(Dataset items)
☆ ☆ ☆ ☆ ☆ ☆ ☆

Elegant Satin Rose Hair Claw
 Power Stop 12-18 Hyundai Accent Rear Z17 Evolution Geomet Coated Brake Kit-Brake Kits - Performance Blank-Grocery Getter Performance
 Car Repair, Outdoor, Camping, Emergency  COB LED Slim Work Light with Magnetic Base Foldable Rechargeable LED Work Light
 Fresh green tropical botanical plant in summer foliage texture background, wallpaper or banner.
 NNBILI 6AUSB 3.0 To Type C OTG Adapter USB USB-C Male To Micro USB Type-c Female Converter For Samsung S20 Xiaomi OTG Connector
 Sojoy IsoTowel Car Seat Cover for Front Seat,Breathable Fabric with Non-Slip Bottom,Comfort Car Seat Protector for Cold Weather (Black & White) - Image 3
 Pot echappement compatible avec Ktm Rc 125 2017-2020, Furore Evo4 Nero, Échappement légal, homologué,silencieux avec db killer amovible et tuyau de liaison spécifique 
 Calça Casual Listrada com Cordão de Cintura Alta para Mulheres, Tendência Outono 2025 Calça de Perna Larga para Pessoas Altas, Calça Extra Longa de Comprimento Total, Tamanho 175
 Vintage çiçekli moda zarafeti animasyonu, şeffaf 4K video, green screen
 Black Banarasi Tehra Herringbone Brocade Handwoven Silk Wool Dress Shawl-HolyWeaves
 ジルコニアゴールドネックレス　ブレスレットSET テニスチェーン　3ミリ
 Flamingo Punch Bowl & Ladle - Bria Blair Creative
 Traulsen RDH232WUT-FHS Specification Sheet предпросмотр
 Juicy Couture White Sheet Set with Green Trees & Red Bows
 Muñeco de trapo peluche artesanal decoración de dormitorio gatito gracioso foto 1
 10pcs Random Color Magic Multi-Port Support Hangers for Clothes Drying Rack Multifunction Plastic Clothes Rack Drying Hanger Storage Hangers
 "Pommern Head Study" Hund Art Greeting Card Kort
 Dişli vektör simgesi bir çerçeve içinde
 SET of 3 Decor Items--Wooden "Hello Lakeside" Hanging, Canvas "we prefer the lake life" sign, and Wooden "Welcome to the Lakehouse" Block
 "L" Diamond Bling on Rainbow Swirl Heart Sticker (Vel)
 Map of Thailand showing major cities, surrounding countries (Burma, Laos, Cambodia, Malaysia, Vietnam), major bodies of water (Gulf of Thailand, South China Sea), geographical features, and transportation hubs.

☆ ☆ ☆ ☆ ☆ ☆ ☆

### Task item
Exactly repeat the lines from the line that contains "Heart Sticker (Vel)" to the end of the entries, both included, and leave out all other lines.

### Answer for the task
 "L" Diamond Bling on Rainbow Swirl Heart Sticker (Vel)
 Map of Thailand showing major cities, surrounding countries (Burma, Laos, Cambodia, Malaysia, Vietnam), major bodies of water (Gulf of Thailand, South China Sea), geographical features, and transportation hubs.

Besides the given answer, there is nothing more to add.